To further investigate the regulation of synaptic AMPARs by β3 integrins, we next made use of β3 integrin-deficient mice, which were viable and fertile (Hodivala-Dilke et al., 1999). Hippocampal pyramidal neurons from homozygous (β3−/−) and heterozygous (β3+/−) pups were plated on wild type glial cells. They grew normally in culture and developed morphologies comparable to neurons cultured from wild type littermates (β3+/+). The surface level and distribution of GluR1 and GluR2 subunits were not detectably different in β3−/−, β3+/−, and β3+/+ neurons (Fig 7A). Furthermore, patch clamp recordings revealed no significant differences in passive membrane properties of β3−/−and β3+/− mutant neurons compared to wild type cells (Fig S7C). Similarly, quantal excitatory synaptic transmission was normal in β3−/− and β3+/− cultures relative to β3+/+ cultures: no significant changes were detected for mEPSC amplitude, frequency, and waveform (Fig 7B and Fig S7A&B). The lack of an apparent phenotype suggests that β3 integrins are dispensable for the development and basic function of synapses. However, if β3 integrins are specifically involved in regulating synaptic AMPARs, then echistatin should be ineffective in modifying quantal size in neurons lacking β3 integrins. Indeed, echistatin application had no effect on mEPSC amplitude in β3−/− neurons whereas it reduced quantal size in β3+/− neurons as effectively as in rat cultures (Fig 7C&D; cf. Fig 1). Thus, β3 integrins are necessary for the echistatin-induced reduction in quantal size. To confirm the specific involvement of postsynaptic β3 integrins, we tested whether postsynaptic expression of WTβ3 in β3−/− neurons for 2 days could rescue the effect of echistatin.

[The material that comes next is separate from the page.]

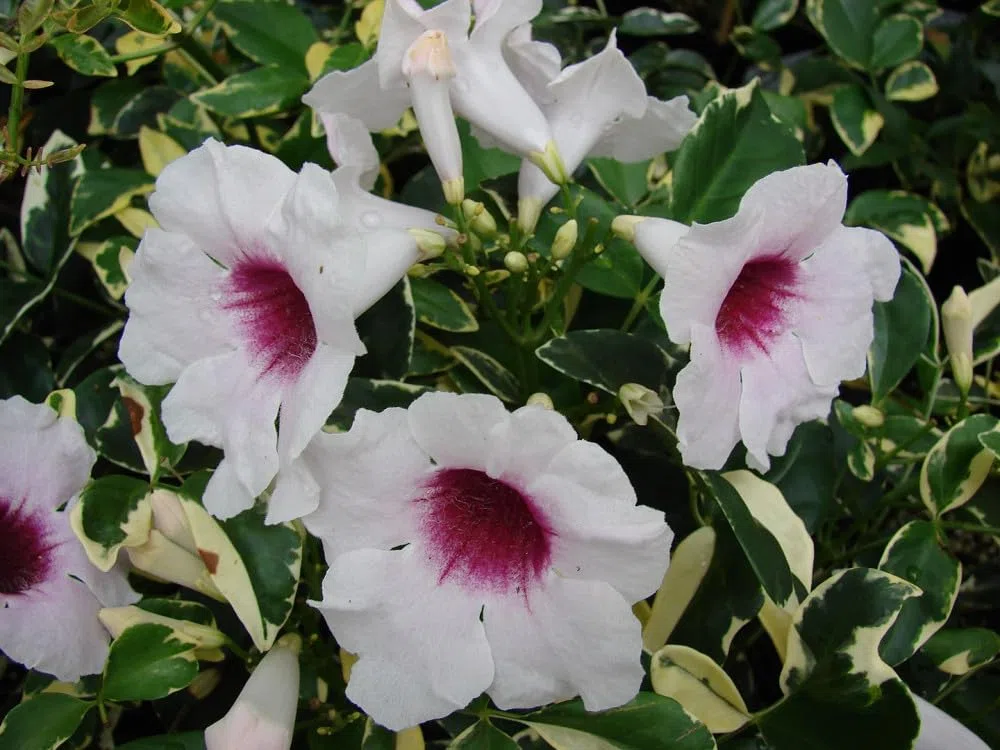 Pianta di Pandorea Jasminoides Bignonia Variegata Rampicante Sempreverde h 150 cm Fiore Rosa Vaso 18 cm per Esterni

As shown in Fig 7E, in WTβ3-expressing neurons from β3 integrin-deficient cultures, echistatin reduced mEPSC amplitude (0.76 ± 0.07 of baseline, n=6) to an extent comparable to control mouse β3+/− cultures (0.82 ± 0.03 of baseline, n=5; p=0.40 compared to rescue) and rat cultures (0.82 ± 0.05 of baseline, n=13, p=0.42 compared to rescue). Moreover, postsynaptic expression of the dominant negative CTβ3 in rat cultures was sufficient to prevent the echistatin-dependent reduction in mEPSC amplitude (Fig S8). Taken together, these experiments indicate that postsynaptic β3 integrins are necessary and sufficient for the echistatin-induced down-regulation of synaptic AMPAR currents.

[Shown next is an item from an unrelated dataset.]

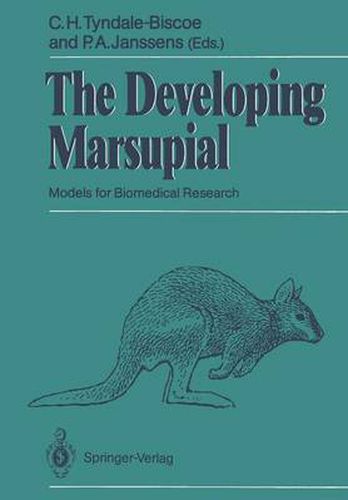 Cover image for The Developing Marsupial: Models for Biomedical Research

Thus far our findings identify the contribution of postsynaptic β3 integrins in regulating synaptic strength and AMPAR subunit composition. We next asked whether β3 integrins could play a role in activity-dependent changes in synaptic strength at mature synapses. Such a function for this particular integrin subtype has not been explored to date. Notably, homeostatic synaptic plasticity induced by chronic modifications of neuronal network activity scales quantal size by changing the abundance and composition of AMPARs (O'Brien et al., 1998; Sutton et al., 2006; Thiagarajan et al., 2005; Turrigiano et al., 1998; Wierenga et al., 2005). However, the underlying molecular mechanisms are still poorly understood. In order to determine whether integrins are involved in synaptic scaling, we first examined if the surface expression of endogenous integrins are affected by chronic changes in neuronal network activity. Live antibody labeling revealed significant changes in the level of β3 but not β1 integrins in response to chronic treatments with bicuculline or tetrodotoxin (TTX) to enhance or reduce network activity, respectively. TTX was especially effective in increasing β3 surface levels (Fig 8A&B). The effect developed gradually over 24 h (Fig 8C) without a detectable change in total protein expression (Fig 8D).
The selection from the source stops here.